Brent Scowcroft Center Resident Senior Fellow Robert A. Manning writes for the Global Times on how despite serious differences, the United States and China still have room to work together:
As Chinese President Xi Jinping’s upcoming state visit to the US approaches, US-China relations are rife with tension. A war of words over the South China Sea seems to be drowning out the many other important elements of a complex Sino-American relationship.
Judging by the flood of articles and think-tank reports in the United States, there is growing doubt about the validity of core assumptions guiding what has been a bipartisan US policy toward China under eight US presidents, from Richard Nixon to Barack Obama.
So how do we find a new equilibrium for what has become the world’s most important diplomatic relationship? That is the challenge for Xi’s September visit. First, building on common ground is imperative.
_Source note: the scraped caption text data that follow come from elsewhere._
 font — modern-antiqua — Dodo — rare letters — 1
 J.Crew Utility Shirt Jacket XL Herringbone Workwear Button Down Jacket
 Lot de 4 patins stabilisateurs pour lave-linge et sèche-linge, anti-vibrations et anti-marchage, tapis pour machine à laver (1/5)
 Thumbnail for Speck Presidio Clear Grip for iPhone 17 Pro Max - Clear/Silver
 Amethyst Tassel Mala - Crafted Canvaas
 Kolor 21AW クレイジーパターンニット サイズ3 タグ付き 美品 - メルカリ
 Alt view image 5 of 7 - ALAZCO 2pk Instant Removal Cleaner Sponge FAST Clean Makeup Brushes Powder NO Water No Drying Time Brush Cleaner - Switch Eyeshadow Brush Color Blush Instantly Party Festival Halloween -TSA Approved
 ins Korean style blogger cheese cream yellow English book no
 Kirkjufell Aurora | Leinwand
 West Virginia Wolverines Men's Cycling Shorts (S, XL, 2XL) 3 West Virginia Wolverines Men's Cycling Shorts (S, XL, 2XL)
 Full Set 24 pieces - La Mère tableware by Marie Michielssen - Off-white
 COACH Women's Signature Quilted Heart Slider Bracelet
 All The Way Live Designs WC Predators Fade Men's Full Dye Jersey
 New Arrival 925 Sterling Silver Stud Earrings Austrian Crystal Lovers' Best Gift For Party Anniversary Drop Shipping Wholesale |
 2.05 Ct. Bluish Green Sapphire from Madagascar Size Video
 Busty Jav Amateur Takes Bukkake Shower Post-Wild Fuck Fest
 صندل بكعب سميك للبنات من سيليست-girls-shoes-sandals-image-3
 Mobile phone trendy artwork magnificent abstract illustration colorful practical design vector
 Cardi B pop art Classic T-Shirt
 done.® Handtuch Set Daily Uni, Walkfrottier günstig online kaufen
The bilateral economic relationship, some $600 billion in two-way trade in 2014, is a pillar of US-China ties. A new understanding on regional trade arrangements is one means of broadening the relationship. Obama should explicitly invite China to join the Trans-Pacific Partnership (TPP) whenever Beijing is ready. There should be a Sino-US effort to begin a process of converging the TPP and the Regional Comprehensive Economic Partnership into a Free Trade Area of the Asia-Pacific, as APEC has sought, by 2030.